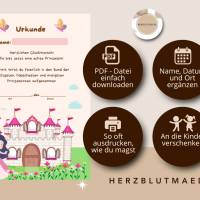 Urkunde  Prinzessin zum Ausdrucken – Märchenhafte Auszeichnung für Kindergeburtstag & Party Bild 2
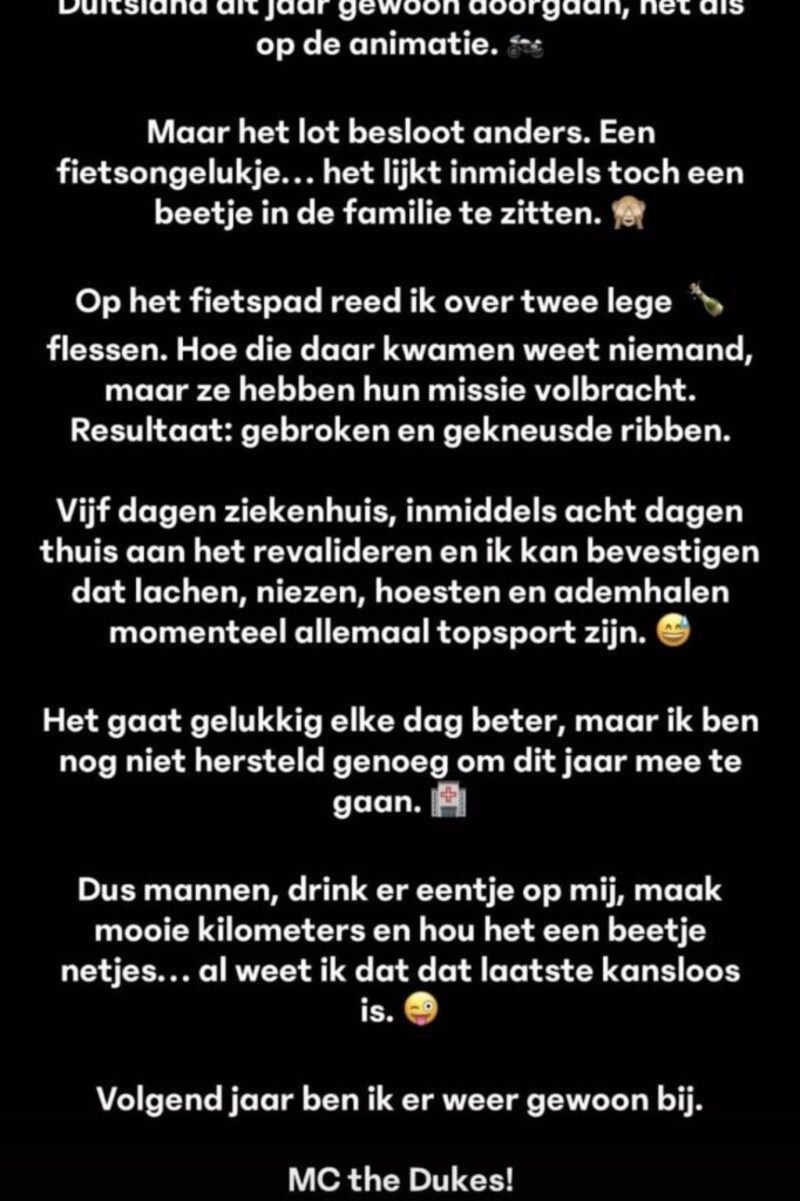 Marco Borsato legt op Instagram uit wat er aan de hand is. 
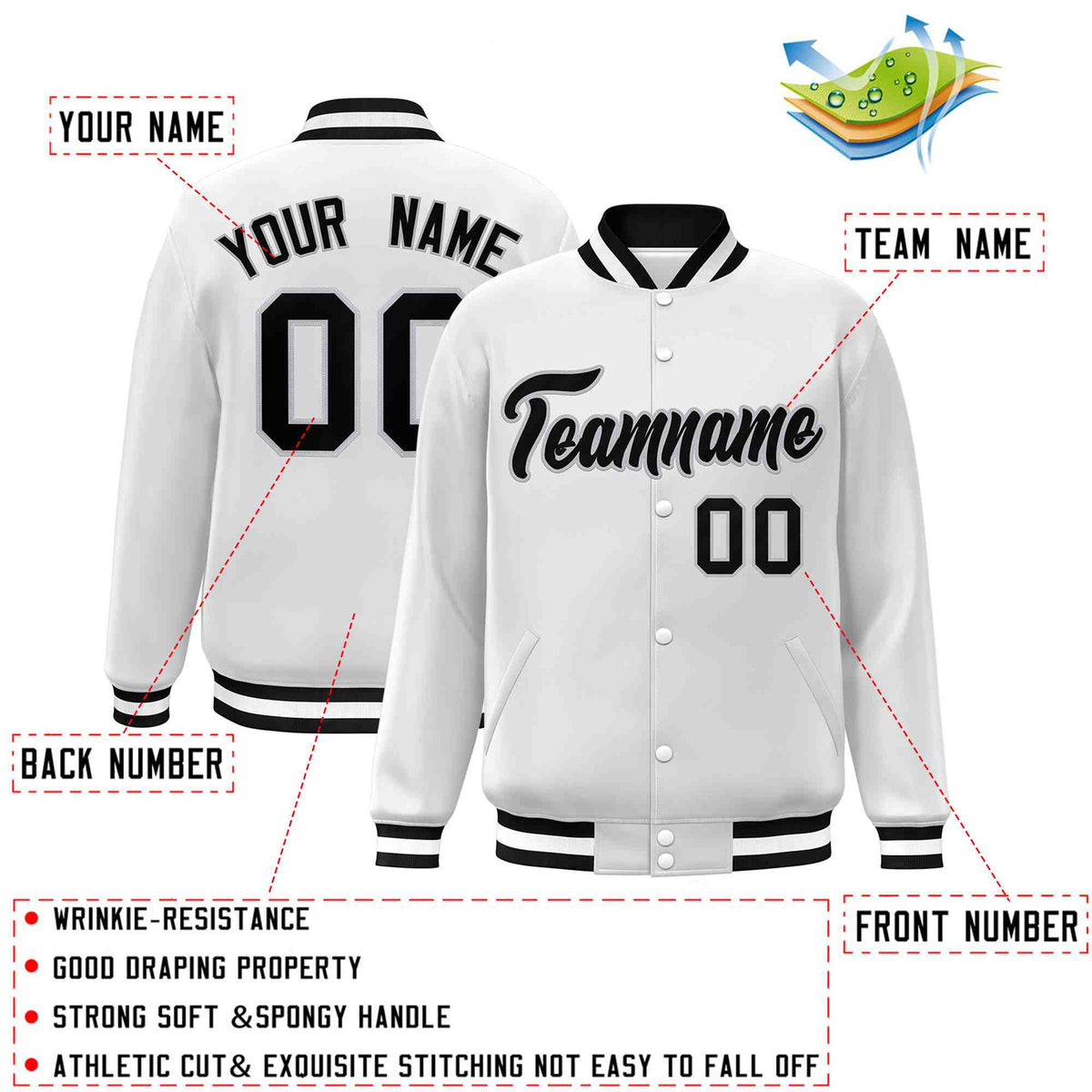 Custom White Black-Gray Classic Style Varsity Full-Snap Letterman Jacket | KXKSHOP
++++
Pictures stay out; everything else in the listing above gets restated word for word.

 Urkunde  Prinzessin zum Ausdrucken – Märchenhafte Auszeichnung für Kindergeburtstag & Party Bild 2
 Marco Borsato legt op Instagram uit wat er aan de hand is. 
 Custom White Black-Gray Classic Style Varsity Full-Snap Letterman Jacket | KXKSHOP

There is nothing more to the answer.